Exercise aim: Copy exactly the lines of the material below, starting with the first and including the line that holds "位于鄭州三環(huán)內(nèi)的某批發(fā)市場 位于鄭州三環(huán)內(nèi)的某批發(fā)市場".

Supplied records:

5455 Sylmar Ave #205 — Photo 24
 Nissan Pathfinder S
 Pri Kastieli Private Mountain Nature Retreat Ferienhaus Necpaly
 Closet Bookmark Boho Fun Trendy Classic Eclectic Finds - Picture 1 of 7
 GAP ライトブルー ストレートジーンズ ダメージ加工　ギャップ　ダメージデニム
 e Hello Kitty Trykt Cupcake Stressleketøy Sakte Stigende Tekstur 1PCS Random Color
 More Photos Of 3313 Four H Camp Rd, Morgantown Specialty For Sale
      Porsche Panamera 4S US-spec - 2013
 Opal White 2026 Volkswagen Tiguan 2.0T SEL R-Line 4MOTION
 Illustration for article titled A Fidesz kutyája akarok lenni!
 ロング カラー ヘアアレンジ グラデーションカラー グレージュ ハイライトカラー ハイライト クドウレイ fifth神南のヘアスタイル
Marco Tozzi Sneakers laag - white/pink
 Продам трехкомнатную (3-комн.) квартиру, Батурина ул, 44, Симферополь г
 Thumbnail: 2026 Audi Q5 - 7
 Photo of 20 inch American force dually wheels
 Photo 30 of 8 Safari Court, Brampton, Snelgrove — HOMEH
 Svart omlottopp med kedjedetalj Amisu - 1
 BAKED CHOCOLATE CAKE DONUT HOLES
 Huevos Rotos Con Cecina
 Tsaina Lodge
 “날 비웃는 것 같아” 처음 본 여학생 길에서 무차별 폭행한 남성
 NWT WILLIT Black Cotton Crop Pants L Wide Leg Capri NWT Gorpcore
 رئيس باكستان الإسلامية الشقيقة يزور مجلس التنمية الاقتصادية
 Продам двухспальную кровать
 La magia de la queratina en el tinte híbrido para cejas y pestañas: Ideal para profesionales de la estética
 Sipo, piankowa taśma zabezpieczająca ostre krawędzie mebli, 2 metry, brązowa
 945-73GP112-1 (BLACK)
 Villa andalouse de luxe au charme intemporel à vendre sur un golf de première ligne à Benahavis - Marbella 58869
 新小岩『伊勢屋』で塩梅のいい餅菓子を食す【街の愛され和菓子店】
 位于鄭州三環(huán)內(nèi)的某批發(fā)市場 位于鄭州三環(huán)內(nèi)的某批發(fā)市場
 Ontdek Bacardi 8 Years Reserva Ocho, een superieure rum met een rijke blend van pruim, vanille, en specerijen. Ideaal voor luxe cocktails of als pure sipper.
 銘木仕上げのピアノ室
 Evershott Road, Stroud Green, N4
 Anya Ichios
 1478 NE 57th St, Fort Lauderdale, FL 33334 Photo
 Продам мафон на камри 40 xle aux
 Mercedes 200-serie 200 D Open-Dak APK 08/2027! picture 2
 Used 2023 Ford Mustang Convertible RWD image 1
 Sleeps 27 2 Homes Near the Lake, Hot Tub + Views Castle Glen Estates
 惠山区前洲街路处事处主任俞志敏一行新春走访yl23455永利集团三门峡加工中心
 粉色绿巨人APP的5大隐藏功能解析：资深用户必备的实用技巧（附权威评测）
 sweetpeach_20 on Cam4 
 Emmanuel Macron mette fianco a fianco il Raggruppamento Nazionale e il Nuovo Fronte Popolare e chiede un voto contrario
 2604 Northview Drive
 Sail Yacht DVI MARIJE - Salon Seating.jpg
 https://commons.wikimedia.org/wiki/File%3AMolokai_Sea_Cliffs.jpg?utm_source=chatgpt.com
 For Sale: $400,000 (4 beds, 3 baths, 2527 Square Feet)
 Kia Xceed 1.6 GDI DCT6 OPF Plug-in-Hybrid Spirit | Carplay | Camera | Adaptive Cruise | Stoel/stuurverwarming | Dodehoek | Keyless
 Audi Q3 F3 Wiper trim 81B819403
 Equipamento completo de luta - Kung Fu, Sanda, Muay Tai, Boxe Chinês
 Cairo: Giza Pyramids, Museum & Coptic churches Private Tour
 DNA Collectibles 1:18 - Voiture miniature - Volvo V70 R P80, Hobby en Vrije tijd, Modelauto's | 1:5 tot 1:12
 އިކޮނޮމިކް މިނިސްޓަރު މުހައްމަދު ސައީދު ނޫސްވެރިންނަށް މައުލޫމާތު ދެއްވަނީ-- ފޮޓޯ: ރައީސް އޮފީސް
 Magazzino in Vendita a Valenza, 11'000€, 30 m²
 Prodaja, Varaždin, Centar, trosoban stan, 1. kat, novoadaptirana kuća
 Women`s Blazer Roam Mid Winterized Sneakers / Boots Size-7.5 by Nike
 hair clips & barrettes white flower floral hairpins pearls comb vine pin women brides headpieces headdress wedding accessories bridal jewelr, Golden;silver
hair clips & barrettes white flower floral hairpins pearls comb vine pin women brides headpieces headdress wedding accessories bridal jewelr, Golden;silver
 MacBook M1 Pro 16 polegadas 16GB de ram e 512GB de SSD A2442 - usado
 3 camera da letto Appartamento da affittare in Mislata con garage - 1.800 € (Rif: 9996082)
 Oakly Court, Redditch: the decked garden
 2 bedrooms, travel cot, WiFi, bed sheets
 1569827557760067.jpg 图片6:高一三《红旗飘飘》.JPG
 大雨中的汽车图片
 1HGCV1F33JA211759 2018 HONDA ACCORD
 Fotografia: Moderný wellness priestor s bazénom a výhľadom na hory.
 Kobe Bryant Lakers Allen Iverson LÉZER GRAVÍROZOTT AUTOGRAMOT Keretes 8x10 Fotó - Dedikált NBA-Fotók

Reply:
5455 Sylmar Ave #205 — Photo 24
 Nissan Pathfinder S
 Pri Kastieli Private Mountain Nature Retreat Ferienhaus Necpaly
 Closet Bookmark Boho Fun Trendy Classic Eclectic Finds - Picture 1 of 7
 GAP ライトブルー ストレートジーンズ ダメージ加工　ギャップ　ダメージデニム
 e Hello Kitty Trykt Cupcake Stressleketøy Sakte Stigende Tekstur 1PCS Random Color
 More Photos Of 3313 Four H Camp Rd, Morgantown Specialty For Sale
      Porsche Panamera 4S US-spec - 2013
 Opal White 2026 Volkswagen Tiguan 2.0T SEL R-Line 4MOTION
 Illustration for article titled A Fidesz kutyája akarok lenni!
 ロング カラー ヘアアレンジ グラデーションカラー グレージュ ハイライトカラー ハイライト クドウレイ fifth神南のヘアスタイル
Marco Tozzi Sneakers laag - white/pink
 Продам трехкомнатную (3-комн.) квартиру, Батурина ул, 44, Симферополь г
 Thumbnail: 2026 Audi Q5 - 7
 Photo of 20 inch American force dually wheels
 Photo 30 of 8 Safari Court, Brampton, Snelgrove — HOMEH
 Svart omlottopp med kedjedetalj Amisu - 1
 BAKED CHOCOLATE CAKE DONUT HOLES
 Huevos Rotos Con Cecina
 Tsaina Lodge
 “날 비웃는 것 같아” 처음 본 여학생 길에서 무차별 폭행한 남성
 NWT WILLIT Black Cotton Crop Pants L Wide Leg Capri NWT Gorpcore
 رئيس باكستان الإسلامية الشقيقة يزور مجلس التنمية الاقتصادية
 Продам двухспальную кровать
 La magia de la queratina en el tinte híbrido para cejas y pestañas: Ideal para profesionales de la estética
 Sipo, piankowa taśma zabezpieczająca ostre krawędzie mebli, 2 metry, brązowa
 945-73GP112-1 (BLACK)
 Villa andalouse de luxe au charme intemporel à vendre sur un golf de première ligne à Benahavis - Marbella 58869
 新小岩『伊勢屋』で塩梅のいい餅菓子を食す【街の愛され和菓子店】
 位于鄭州三環(huán)內(nèi)的某批發(fā)市場 位于鄭州三環(huán)內(nèi)的某批發(fā)市場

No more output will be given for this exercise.